A Futile Search For Virility

It seems that the promise of restoring youth to aging men appealed as strongly in days past as it does in the present.

In the 1920s, testicular tissue transplantation was the ‘little blue pill’ of the era, purported in many medical circles to reestablish lost-function in the old and infirm [it was also used to address skin problems, neurasthenia, epilepsy, dementia praecox, senility, alcoholism, prostatic hypertrophy, cancer, rheumatism, gingivitis, paralysis, arteriosclerosis, and the “moral perversions of old age,” whatever that is]. In some quarters, testicular tissue transplantation was attempted as a treatment for male homosexuality, albeit without any measurable success.

One proponent of testicular tissue transplantation was Leo Stanley, the chief surgeon of San Quentin prison in California and a devotee of the theories of the late-Serge Voronoff.

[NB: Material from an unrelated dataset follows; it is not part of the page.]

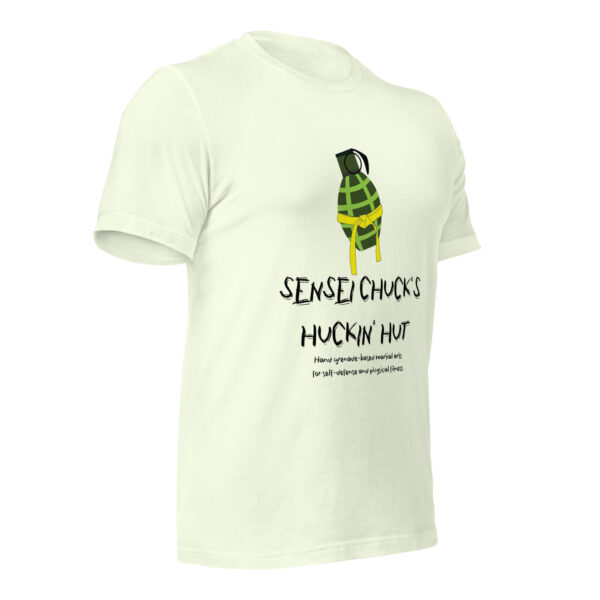 Sensei Chuck's Huckin' Hut Shirt - Image 27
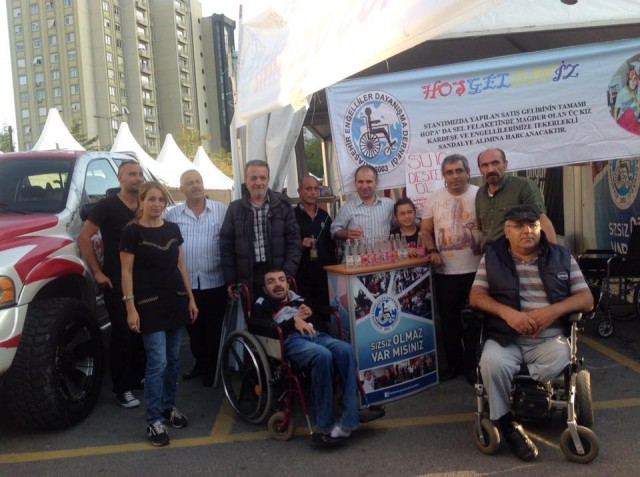 Ataşehir Karadenizliler günleri, 2015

Monkey Bread (aka Monkey Balls)

Monkey Bread (aka Monkey Balls)

Dr. Voronoff, you see, had started his research and resulting scrotal activities using parts from (willing?) monkeys at the turn of the 20th century, opining that “the monkey is superior to man by the sturdiness of its body, the quality of its organs, and the absence of those defects, hereditary and acquired, with which the main part of mankind is afflicted.” Though he had plenty of detractors, Voronoff’s theories were accepted by a large minority of (male) physicians up until WWII, and there was never a shortage of middle aged volunteers desiring to freshen up their manhood.

Given the placebo effect and wishful thinking, it was only a hop-skip-jump from (unsuccessful) monkey-donor tissue transplants to (unsuccessful) human-donor tissue transplants.

[sidebar: Voronoff’s monkey-grafts have been postulated as one possible way in which HIV made the jump from simians to homo sapiens, though nothing has been proven]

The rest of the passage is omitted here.